▶ _HOW TO COMPLETE THIS TASK_
Here is a listing. Write it all out again exactly, but not its pictures.

▶ _INFORMATION SHOWN_
== == ==

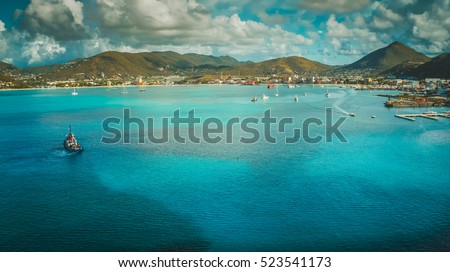 Beautiful sapphire blue water at the port of Nassau, Bahamas Royalty-Free Stock Photo #523541173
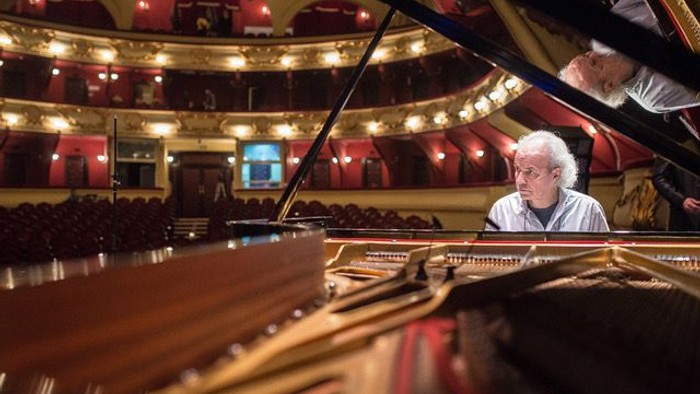 Mann spielt Klavier in einem großen Konzertsaal.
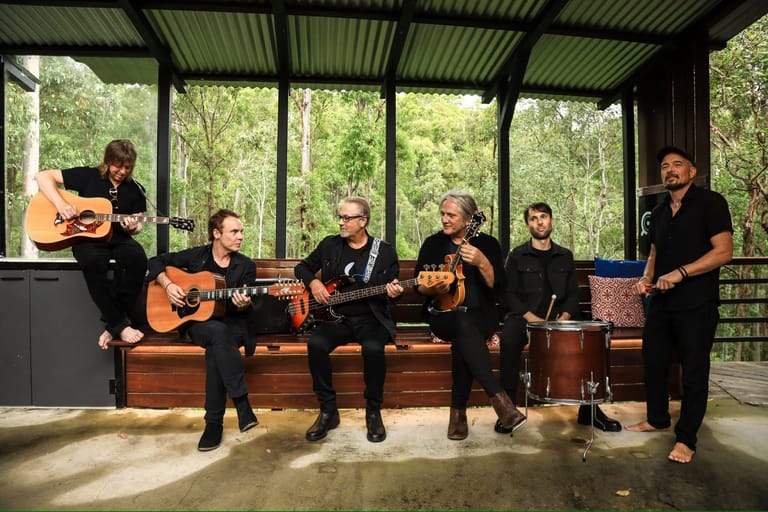 Six musicians in black clothing perform with acoustic guitars and percussion in a glass pavilion surrounded by trees.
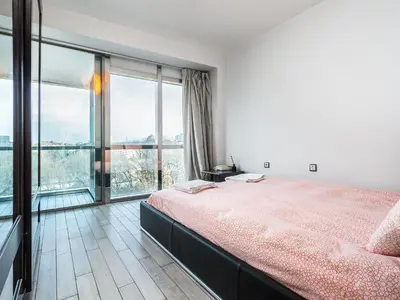 a bedroom with a large bed and large windows at Center Square Vitosha Blvd Panorama in Sofia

== == ==

▶ _RESPONSE TO THE TASK_
 Beautiful sapphire blue water at the port of Nassau, Bahamas Royalty-Free Stock Photo #523541173
 Mann spielt Klavier in einem großen Konzertsaal.
 Six musicians in black clothing perform with acoustic guitars and percussion in a glass pavilion surrounded by trees.
 a bedroom with a large bed and large windows at Center Square Vitosha Blvd Panorama in Sofia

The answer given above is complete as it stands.